ACTION ITEM: Your task is to restate word for word the lines in the material below, from the one with "UPYOTTP Body Firming" up to and including the one with "九江協(xié)和瑞美醫(yī)療美容門診部游鵬飛整形價格表附鼻部綜合案例展示". Do not carry over the pictures.

MATERIAL PROVIDED:
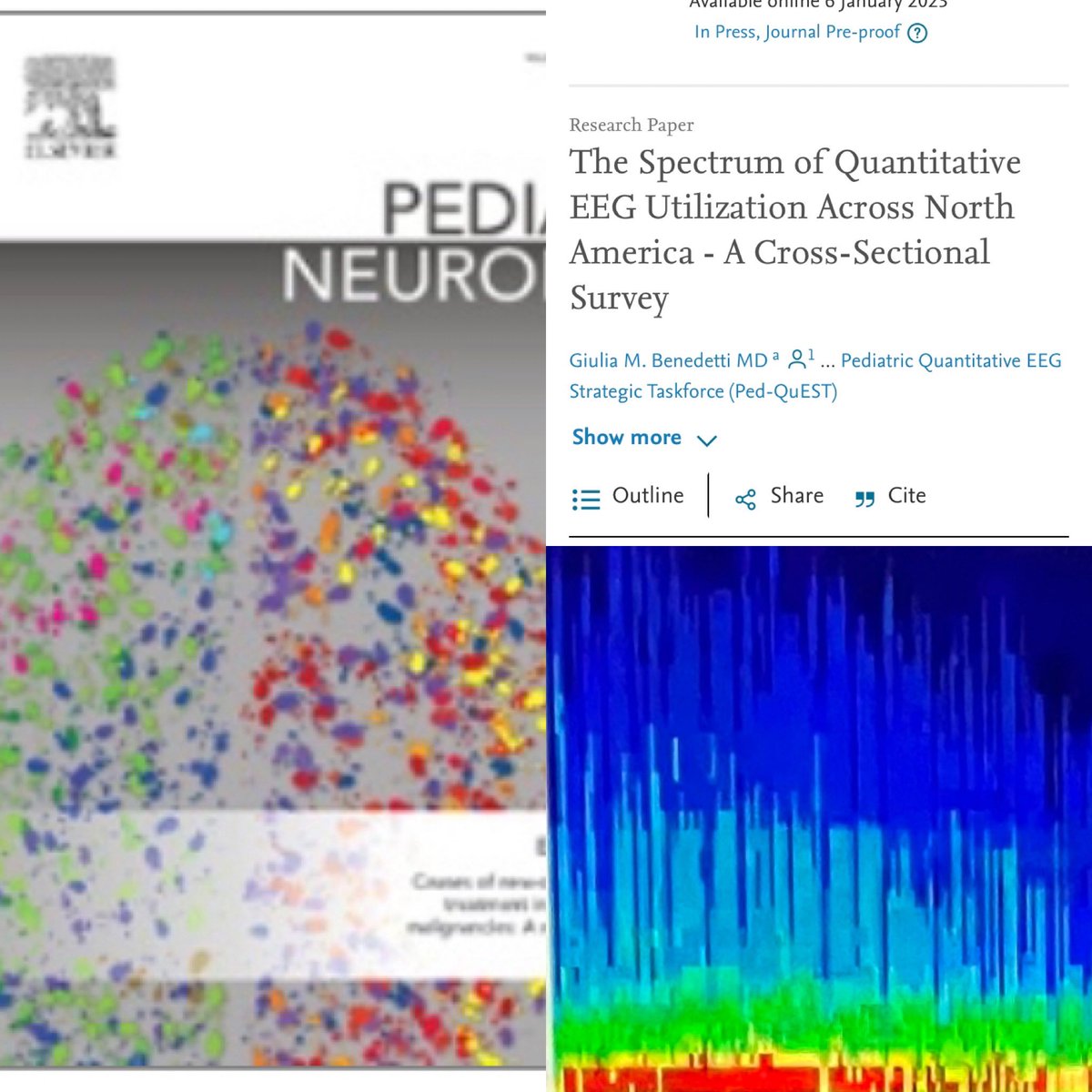 Giulia Benedetti (@giuliabene16) on Twitter photo >50% of MDs surveyed use qEEG when caring for critically ill kids w/neurologic disease; almost all who use qEEG endorse it enhances the care they provide. Let’s keep growing in our understanding of this powerful tool! <a href="/Dr_Press/">Craig Press</a> <a href="/Dr_RishiGanesan/">Rishi Ganesan, MBBS MD DM FACNS</a> <a href="/KerriLarovere/">Kerri LaRovere MD, MMSc</a> <a href="/DanaHarrar/">Dana Harrar</a> >50% of MDs surveyed use qEEG when caring for critically ill kids w/neurologic disease; almost all who use qEEG endorse it enhances the care they provide. Let’s keep growing in our understanding of this powerful tool! <a href="/Dr_Press/">Craig Press</a> <a href="/Dr_RishiGanesan/">Rishi Ganesan, MBBS MD DM FACNS</a> <a href="/KerriLarovere/">Kerri LaRovere MD, MMSc</a> <a href="/DanaHarrar/">Dana Harrar</a>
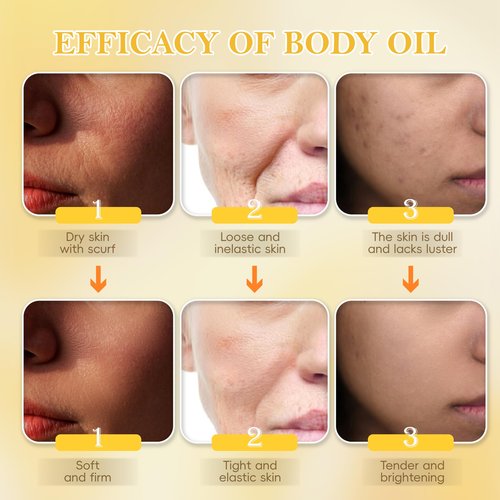 UPYOTTP Body Firming Oil, Luxury Body Oil for Skin Firm Tighten, Hydrating & Nourishing Dry Skin-With Jojoba,Vitamin E and Camellia Oil Natural Ingredent(4.06 FL OZ)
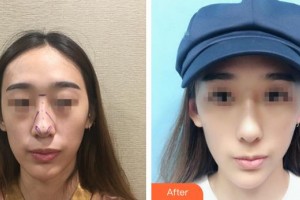 九江協(xié)和瑞美醫(yī)療美容門診部游鵬飛整形價格表附鼻部綜合案例展示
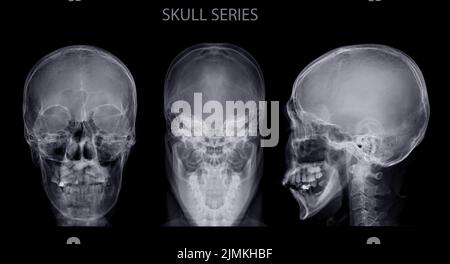 Collection of  Skull x-ray image name is skull series isolated on Black Background. Stock Photo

YOUR RESPONSE:
 UPYOTTP Body Firming Oil, Luxury Body Oil for Skin Firm Tighten, Hydrating & Nourishing Dry Skin-With Jojoba,Vitamin E and Camellia Oil Natural Ingredent(4.06 FL OZ)
 九江協(xié)和瑞美醫(yī)療美容門診部游鵬飛整形價格表附鼻部綜合案例展示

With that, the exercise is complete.